Target is 50, can you believe it?
It’s been a half century since the first Target opened in Roseville. Today, the discounter has 1,765 stores and more than 365,000 employees all over the world.
Below are some excerpts from an interview with CEO Gregg Steinhafel. here's a video link of the Target chief, and here’s a music video featuring different locales within the bullseye network. (Did I spot Duluth in there? Hard to know.)
Here's the Q&A between Steinhafel and A Bullseye, Target's online magazine:
If you think about the defining Target moments over your time with the company, what stands out?

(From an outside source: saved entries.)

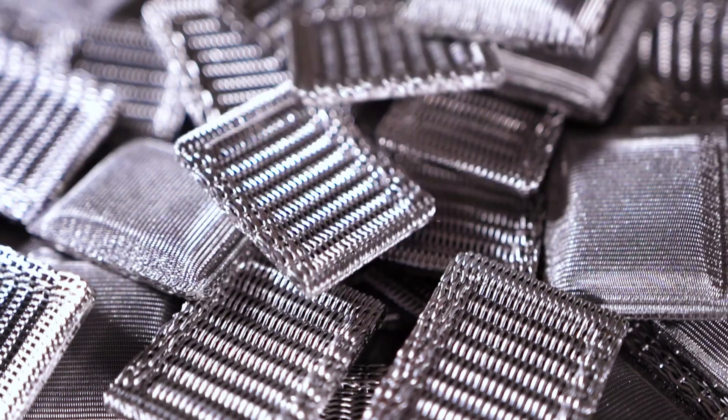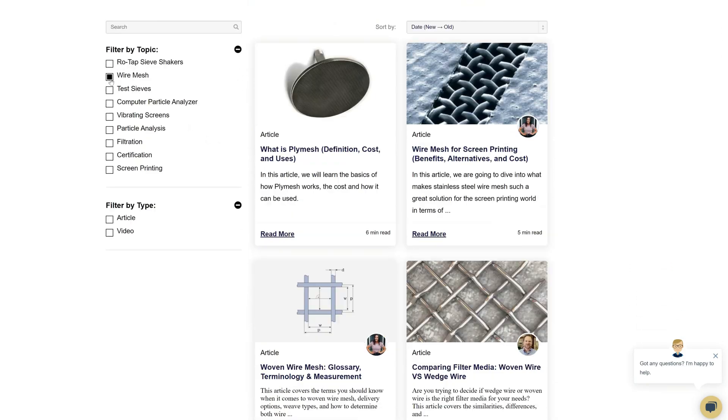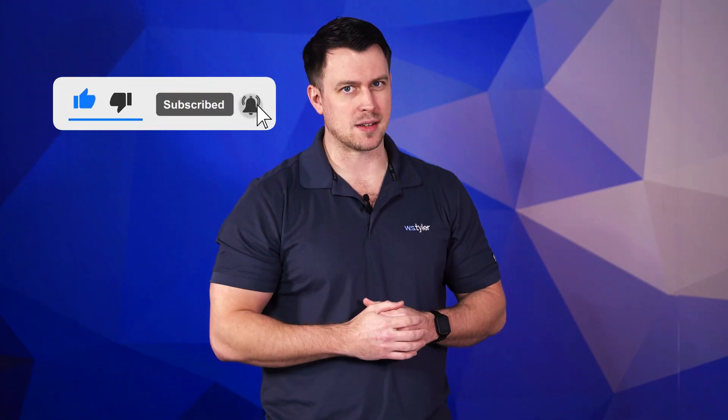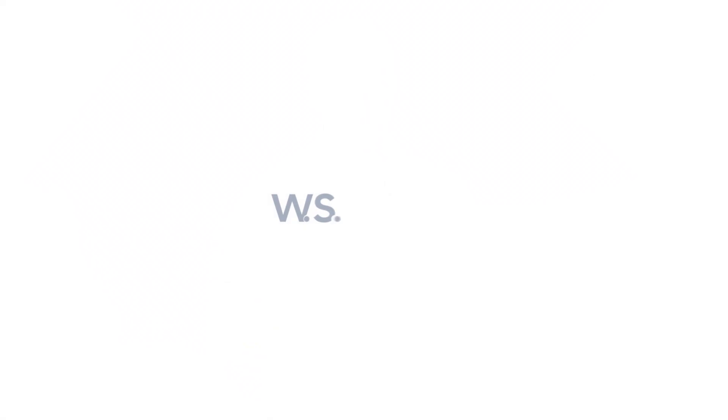WS Tyler has proudly worked to learn the needs of our customers inside and out so that we can deliver the mesh solutions that genuinely help you feel peace of mind. Thank you so much for watching. If you have any questions, fill out a contact us form by clicking the link in the description. If you'd like to learn more about woven wire mesh or any of our other products, we have a learning center filled with written and video content. Don't forget to subscribe and ring that bell to keep up with all things WS Tyler. My name's Sam Badger — see you in the next video!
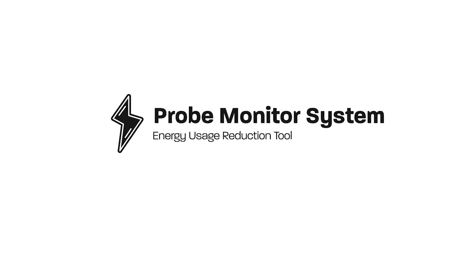By continuing to increase your reduction goal, you can reduce the impact of your energy usage and see meaningful changes. Start reducing your impact now with the Probe Monitor System.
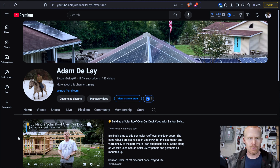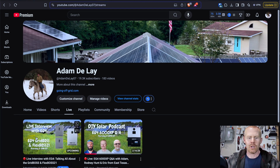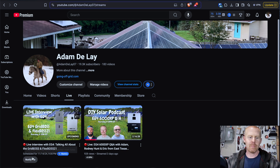So you don't want to miss this. If you go to my YouTube page and then go to the live section, you're going to see the live interview — I've already got the placeholder set up. So you can come to the live tab and then click 'notify me' so that you'll be notified when the stream goes live.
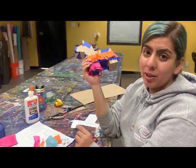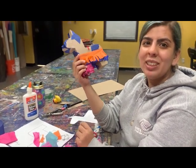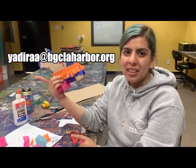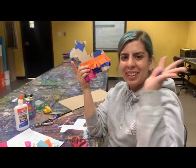Do some research on Cinco de Mayo — just letting you know, it's not Mexican Independence Day, that's not until September. If you have any questions or want to share how your piñata looks, email me at yadirae@bgclaharbor.org. We hope to see you next time. Bye!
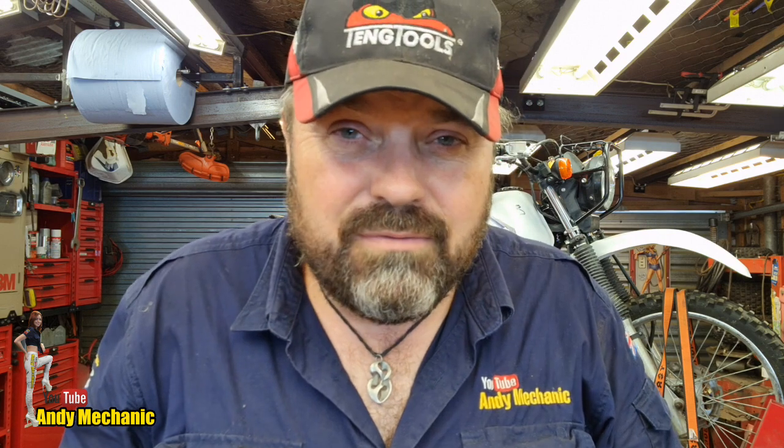Welcome back to the Andy Mechanic YouTube channel. This is episode five of a toolbox tour - I know there's been a lot to get through. This is actually a roll cab and a few other drawers, focused on the fasteners I have: nuts, bolts, tech screws, that kind of stuff. There's quite a bit that I've collected over the years, and you need a decent arsenal when you're making things.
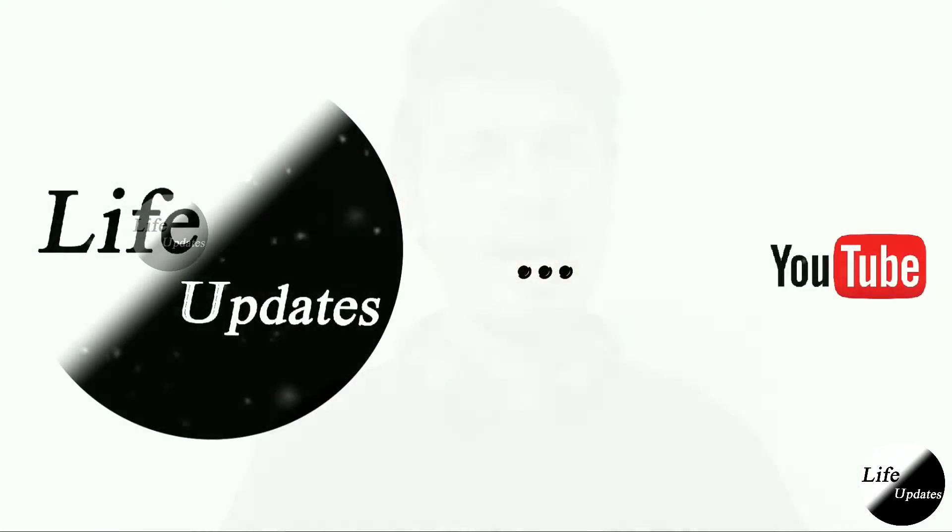What's up YouTube! Welcome back! Now the witness is SMM!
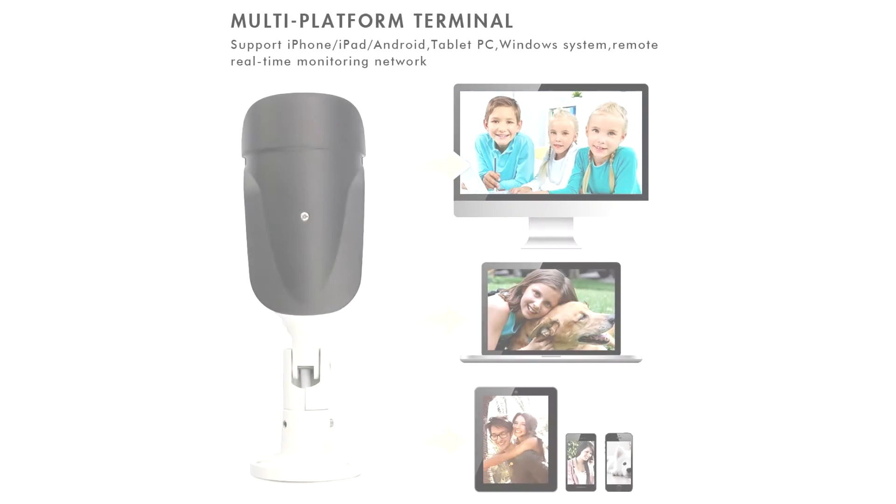Hey, what's up guys. Mike back with another video, and today we'll be taking a look at the SV3C PoE camera from Amazon.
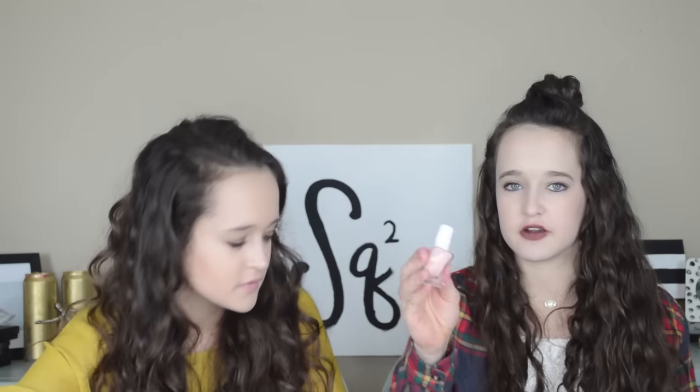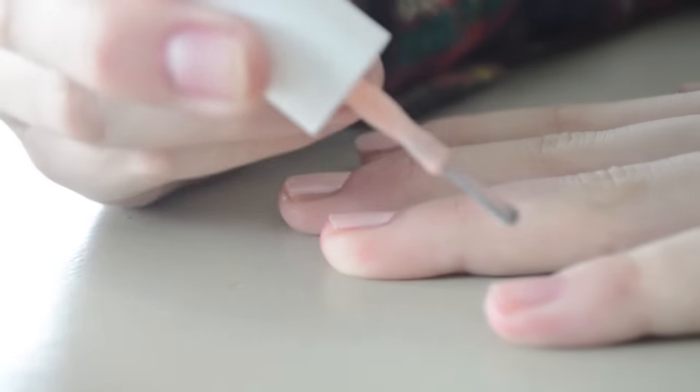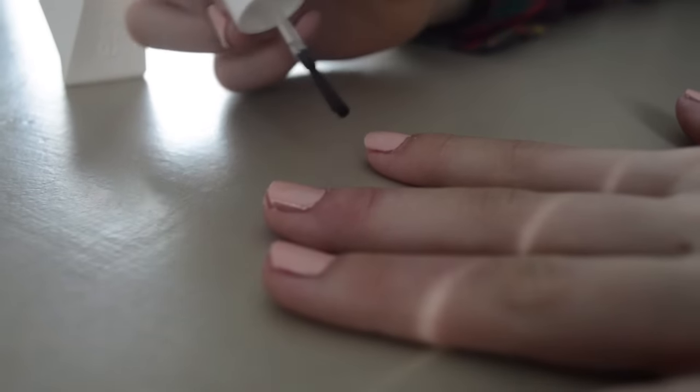Olivia's going first with her Essie nail polish. Basically how this works: you need one top coat — just shade 00 — and then any coordinating gel nail polish. This is number 20, called Spool Me Over, a basic light pink. You put two to three coats of Essie nail polish on, paint your nails, let it dry, then put on the top coat, let that dry, and you should be set. They say it's supposed to last up to 14 days.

Steinhafel: There are lots of highlights, both professionally and personally. From a business perspective, the evolution of our “Expect More. Pay Less.” brand promise really resonates with me. Back in the late ‘80s and early ‘90s, Target felt a lot like other discounters; we all offered similar merchandise and competed fiercely on price. But, then we decided very deliberately to position Target as a more upscale destination, where guests could find style, quality and merchandise they couldn’t buy anywhere else—all at exceptionally affordable prices. That was how we first brought our brand promise to life. On a personal note, the best memory is meeting my wife, Denise, at Target headquarters soon after I started in 1979. Visiting Target stores has been a key attraction on almost every family trip we’ve ever taken with our three kids. Target has been a huge part of our lives.
These last few years have not been easy for retailers. How has Target approached such challenging economic times?
Steinhafel: I would point to two things, and they operate inseparably. First, we listen very closely to our guests so we can continually adapt the business and respond to their needs. Second, our strategy for responding is, simply put, “Expect More. Pay Less.” It helps us strike the right balance of wants and needs—across guest segments, shopping styles and channels—in all economic conditions.
How did you end up at Target?
Steinhafel: I interviewed here when I was a graduate student at the Kellogg School of Management. At the time, Target had about 80 stores in 11 states, but it had a great entrepreneurial energy, and I could tell there was something really special here. Some of my friends from Kellogg thought going to a regional retailer (which is what Target was at the time) was an odd choice. But, I’d grown up in retail and developed a love for the business while working at my family’s furniture store in Milwaukee. So, Target was a great fit, and, years later, I love the company even more.
You’ve spent much of your Target career in merchandising. What areas of the business have you worked on that might surprise people?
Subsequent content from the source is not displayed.